* _WHAT YOU ARE ASKED TO DO_:
Transcribe, without alteration, the line that includes "Fil de perles" and each line after it until the records end, omitting all that precede it.

(INPUT DATA)

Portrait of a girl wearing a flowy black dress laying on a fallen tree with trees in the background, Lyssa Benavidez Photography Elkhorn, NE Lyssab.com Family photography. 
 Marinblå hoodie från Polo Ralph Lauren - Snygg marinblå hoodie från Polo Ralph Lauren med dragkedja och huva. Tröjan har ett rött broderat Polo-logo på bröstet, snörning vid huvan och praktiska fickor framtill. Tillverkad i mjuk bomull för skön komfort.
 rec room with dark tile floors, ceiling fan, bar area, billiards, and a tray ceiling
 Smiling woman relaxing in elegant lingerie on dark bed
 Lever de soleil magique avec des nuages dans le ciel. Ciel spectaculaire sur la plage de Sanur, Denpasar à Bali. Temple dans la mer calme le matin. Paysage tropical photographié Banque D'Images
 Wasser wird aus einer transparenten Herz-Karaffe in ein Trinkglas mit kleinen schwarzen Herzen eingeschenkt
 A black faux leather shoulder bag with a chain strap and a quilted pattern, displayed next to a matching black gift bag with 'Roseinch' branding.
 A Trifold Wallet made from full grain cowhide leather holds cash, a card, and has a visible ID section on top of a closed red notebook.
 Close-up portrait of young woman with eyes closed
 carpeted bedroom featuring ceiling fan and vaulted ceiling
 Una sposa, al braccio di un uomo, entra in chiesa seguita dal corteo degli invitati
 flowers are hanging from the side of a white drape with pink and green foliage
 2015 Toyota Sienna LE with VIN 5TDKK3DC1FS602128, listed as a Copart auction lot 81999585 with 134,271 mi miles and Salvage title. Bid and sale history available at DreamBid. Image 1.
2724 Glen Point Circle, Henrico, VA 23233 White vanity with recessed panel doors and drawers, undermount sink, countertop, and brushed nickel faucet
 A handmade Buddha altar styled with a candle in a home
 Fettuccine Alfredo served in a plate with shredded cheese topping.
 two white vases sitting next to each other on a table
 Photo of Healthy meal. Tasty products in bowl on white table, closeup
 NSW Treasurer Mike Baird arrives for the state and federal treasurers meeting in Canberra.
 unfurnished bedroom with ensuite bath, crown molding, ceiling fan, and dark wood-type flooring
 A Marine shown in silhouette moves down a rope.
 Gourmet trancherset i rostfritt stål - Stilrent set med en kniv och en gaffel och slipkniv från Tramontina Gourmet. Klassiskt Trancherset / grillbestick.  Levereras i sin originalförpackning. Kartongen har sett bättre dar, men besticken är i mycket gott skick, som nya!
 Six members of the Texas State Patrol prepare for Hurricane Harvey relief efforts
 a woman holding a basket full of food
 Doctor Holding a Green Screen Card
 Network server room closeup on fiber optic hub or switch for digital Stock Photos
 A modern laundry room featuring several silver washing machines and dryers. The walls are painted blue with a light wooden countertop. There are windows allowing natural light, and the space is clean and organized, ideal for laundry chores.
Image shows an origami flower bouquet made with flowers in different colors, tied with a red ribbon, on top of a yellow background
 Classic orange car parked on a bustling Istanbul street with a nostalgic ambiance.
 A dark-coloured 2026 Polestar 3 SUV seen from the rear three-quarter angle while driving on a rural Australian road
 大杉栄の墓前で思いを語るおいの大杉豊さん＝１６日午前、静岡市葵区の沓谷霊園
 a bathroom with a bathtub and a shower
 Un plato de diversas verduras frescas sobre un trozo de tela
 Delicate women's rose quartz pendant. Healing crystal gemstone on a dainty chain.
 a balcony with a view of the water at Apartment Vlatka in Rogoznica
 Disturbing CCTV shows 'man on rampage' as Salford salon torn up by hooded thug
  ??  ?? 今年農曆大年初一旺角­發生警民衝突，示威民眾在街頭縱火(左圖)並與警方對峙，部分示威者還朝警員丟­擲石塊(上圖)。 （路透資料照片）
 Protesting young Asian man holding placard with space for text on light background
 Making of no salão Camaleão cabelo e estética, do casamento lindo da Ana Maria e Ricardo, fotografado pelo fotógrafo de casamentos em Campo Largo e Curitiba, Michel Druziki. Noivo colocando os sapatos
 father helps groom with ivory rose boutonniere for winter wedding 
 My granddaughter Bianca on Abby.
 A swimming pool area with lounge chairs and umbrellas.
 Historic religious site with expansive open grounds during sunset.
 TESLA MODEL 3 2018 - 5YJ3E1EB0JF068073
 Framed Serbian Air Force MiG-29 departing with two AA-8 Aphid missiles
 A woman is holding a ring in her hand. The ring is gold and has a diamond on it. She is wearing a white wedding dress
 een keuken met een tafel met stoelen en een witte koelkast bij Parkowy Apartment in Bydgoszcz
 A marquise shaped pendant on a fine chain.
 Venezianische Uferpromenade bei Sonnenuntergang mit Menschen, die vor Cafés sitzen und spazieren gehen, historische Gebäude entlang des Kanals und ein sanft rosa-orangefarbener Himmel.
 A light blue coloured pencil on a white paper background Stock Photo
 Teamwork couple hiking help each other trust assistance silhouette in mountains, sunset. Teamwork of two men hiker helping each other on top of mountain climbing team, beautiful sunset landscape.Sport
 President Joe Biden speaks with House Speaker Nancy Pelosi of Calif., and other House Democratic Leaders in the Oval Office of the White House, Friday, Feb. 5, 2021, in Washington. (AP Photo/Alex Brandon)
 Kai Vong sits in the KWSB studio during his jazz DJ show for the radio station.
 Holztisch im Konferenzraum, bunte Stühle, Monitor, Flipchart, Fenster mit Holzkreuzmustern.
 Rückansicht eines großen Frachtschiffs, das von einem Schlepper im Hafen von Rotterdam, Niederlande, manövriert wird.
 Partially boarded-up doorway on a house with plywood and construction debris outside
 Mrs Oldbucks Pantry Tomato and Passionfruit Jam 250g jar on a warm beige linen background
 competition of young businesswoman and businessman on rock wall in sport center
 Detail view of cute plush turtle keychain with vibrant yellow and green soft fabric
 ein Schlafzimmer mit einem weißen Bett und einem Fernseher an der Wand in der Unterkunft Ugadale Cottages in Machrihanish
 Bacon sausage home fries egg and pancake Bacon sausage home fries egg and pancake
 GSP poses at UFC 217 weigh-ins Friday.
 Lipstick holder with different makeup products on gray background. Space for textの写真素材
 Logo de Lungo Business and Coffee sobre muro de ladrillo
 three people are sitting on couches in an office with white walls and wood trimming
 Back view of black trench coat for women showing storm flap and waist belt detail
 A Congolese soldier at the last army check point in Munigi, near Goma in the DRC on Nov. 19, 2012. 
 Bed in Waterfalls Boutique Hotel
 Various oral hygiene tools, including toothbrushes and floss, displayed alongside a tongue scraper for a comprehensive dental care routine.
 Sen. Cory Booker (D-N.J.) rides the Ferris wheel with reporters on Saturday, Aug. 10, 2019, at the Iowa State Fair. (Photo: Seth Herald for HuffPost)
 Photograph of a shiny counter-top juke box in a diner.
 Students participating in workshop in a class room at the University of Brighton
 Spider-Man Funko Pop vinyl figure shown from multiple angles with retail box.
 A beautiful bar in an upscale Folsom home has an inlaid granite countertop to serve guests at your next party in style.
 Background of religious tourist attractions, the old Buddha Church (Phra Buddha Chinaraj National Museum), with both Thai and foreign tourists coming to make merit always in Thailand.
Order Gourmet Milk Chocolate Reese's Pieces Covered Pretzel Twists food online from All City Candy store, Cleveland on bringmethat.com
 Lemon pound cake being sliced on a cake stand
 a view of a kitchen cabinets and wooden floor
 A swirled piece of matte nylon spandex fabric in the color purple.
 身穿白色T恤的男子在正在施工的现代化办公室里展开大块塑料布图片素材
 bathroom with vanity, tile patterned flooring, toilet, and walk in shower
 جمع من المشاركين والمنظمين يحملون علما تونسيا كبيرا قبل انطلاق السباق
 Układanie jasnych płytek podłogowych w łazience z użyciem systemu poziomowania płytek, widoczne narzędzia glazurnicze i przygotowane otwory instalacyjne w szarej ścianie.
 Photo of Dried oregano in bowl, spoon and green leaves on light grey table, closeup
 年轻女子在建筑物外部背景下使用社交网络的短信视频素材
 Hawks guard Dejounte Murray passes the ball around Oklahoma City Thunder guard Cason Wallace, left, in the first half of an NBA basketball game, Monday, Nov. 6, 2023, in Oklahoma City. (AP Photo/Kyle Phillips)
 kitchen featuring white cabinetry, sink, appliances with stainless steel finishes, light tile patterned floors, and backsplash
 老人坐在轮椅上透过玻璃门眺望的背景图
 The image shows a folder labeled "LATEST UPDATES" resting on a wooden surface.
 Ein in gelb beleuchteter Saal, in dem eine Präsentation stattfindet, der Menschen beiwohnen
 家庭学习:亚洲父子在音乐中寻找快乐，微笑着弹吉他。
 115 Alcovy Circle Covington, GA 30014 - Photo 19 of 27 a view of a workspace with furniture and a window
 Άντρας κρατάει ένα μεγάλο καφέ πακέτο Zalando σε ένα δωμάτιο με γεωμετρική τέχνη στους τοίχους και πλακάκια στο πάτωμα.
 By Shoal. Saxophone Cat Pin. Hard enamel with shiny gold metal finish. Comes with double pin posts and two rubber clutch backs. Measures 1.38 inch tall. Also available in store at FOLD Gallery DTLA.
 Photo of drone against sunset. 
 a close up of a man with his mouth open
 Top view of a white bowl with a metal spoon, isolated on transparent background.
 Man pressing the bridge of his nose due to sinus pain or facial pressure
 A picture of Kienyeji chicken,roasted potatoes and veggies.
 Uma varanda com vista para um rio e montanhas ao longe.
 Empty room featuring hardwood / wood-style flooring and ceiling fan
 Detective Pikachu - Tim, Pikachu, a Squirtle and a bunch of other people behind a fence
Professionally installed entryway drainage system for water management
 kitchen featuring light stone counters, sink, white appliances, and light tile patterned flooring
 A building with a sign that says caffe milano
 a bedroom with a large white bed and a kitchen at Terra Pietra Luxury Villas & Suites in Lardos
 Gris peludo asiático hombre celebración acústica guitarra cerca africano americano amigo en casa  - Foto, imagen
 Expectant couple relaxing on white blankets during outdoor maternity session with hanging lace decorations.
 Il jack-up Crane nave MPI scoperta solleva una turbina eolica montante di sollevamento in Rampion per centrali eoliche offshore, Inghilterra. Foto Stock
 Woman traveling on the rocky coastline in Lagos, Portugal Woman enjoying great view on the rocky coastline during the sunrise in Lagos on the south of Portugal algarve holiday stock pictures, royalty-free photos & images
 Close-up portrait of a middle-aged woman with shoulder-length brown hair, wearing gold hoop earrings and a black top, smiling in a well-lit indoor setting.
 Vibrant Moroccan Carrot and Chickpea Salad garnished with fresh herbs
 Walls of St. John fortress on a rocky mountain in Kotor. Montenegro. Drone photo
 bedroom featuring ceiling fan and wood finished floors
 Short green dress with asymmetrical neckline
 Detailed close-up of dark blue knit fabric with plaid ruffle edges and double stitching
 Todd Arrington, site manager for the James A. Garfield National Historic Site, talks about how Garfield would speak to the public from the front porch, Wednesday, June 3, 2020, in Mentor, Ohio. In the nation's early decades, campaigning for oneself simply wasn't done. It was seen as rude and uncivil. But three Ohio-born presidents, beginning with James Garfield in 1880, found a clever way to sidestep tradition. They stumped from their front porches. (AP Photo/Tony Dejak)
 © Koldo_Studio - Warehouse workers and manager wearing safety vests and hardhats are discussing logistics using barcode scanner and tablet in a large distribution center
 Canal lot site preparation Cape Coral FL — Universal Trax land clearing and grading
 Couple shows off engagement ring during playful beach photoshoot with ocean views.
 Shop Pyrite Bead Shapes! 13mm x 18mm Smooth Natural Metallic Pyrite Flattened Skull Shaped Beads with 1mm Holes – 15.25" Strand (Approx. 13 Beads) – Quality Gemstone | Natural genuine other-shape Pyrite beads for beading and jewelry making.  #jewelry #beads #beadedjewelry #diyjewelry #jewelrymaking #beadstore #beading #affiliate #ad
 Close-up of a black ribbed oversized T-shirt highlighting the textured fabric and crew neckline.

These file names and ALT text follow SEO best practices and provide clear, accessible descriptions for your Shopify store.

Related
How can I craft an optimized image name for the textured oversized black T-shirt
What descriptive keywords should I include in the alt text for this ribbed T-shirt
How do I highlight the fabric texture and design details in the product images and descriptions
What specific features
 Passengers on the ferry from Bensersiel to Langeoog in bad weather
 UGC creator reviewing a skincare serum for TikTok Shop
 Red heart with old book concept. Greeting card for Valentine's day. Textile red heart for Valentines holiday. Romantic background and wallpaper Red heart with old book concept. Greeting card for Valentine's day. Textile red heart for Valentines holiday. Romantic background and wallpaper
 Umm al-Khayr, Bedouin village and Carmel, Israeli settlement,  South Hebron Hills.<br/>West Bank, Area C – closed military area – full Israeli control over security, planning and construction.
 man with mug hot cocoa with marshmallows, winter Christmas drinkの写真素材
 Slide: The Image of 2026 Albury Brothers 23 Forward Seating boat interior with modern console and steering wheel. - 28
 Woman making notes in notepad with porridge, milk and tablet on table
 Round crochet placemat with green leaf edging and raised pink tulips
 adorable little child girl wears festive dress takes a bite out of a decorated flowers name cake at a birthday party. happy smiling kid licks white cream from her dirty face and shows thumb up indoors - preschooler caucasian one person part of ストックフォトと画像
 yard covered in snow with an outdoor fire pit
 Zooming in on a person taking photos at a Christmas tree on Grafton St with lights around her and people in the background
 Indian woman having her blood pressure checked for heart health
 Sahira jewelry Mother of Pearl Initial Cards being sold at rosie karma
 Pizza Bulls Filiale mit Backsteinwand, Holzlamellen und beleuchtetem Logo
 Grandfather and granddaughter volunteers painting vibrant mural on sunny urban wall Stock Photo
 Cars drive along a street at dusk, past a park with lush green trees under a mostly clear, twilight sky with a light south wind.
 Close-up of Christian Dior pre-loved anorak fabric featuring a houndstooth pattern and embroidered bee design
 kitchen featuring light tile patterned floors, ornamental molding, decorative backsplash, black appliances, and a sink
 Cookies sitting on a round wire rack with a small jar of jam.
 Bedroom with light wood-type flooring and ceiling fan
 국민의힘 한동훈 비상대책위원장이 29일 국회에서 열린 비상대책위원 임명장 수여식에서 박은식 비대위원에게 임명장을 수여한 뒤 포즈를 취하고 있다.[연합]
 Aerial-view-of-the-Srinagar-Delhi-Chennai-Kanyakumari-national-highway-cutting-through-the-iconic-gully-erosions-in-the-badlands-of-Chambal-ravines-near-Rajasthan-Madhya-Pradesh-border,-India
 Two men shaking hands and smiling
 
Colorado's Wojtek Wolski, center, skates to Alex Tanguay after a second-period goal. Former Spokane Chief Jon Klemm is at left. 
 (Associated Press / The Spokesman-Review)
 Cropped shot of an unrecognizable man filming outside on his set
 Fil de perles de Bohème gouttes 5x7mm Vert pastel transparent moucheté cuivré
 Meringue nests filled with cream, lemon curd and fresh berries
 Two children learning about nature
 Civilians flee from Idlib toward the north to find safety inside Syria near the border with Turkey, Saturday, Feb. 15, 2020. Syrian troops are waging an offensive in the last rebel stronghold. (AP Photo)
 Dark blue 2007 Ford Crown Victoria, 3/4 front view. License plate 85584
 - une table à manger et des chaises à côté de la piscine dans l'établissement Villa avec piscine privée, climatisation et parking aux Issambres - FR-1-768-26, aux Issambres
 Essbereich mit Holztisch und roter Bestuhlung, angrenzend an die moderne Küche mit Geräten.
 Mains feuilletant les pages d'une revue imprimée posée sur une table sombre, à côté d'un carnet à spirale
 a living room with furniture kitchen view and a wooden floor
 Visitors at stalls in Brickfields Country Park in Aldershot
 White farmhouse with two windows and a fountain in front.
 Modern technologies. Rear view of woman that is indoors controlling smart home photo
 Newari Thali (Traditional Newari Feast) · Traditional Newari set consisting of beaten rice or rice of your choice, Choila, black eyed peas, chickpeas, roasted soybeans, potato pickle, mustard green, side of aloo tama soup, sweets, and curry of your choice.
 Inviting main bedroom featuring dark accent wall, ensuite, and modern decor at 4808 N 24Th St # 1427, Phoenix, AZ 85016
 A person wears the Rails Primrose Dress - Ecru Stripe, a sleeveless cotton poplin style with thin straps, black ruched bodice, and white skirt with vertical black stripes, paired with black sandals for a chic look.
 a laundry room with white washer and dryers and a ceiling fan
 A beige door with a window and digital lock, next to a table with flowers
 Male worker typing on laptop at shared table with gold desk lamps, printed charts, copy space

(End INPUT DATA)

* _EXERCISE RESULT_:
 Fil de perles de Bohème gouttes 5x7mm Vert pastel transparent moucheté cuivré
 Meringue nests filled with cream, lemon curd and fresh berries
 Two children learning about nature
 Civilians flee from Idlib toward the north to find safety inside Syria near the border with Turkey, Saturday, Feb. 15, 2020. Syrian troops are waging an offensive in the last rebel stronghold. (AP Photo)
 Dark blue 2007 Ford Crown Victoria, 3/4 front view. License plate 85584
 - une table à manger et des chaises à côté de la piscine dans l'établissement Villa avec piscine privée, climatisation et parking aux Issambres - FR-1-768-26, aux Issambres
 Essbereich mit Holztisch und roter Bestuhlung, angrenzend an die moderne Küche mit Geräten.
 Mains feuilletant les pages d'une revue imprimée posée sur une table sombre, à côté d'un carnet à spirale
 a living room with furniture kitchen view and a wooden floor
 Visitors at stalls in Brickfields Country Park in Aldershot
 White farmhouse with two windows and a fountain in front.
 Modern technologies. Rear view of woman that is indoors controlling smart home photo
 Newari Thali (Traditional Newari Feast) · Traditional Newari set consisting of beaten rice or rice of your choice, Choila, black eyed peas, chickpeas, roasted soybeans, potato pickle, mustard green, side of aloo tama soup, sweets, and curry of your choice.
 Inviting main bedroom featuring dark accent wall, ensuite, and modern decor at 4808 N 24Th St # 1427, Phoenix, AZ 85016
 A person wears the Rails Primrose Dress - Ecru Stripe, a sleeveless cotton poplin style with thin straps, black ruched bodice, and white skirt with vertical black stripes, paired with black sandals for a chic look.
 a laundry room with white washer and dryers and a ceiling fan
 A beige door with a window and digital lock, next to a table with flowers
 Male worker typing on laptop at shared table with gold desk lamps, printed charts, copy space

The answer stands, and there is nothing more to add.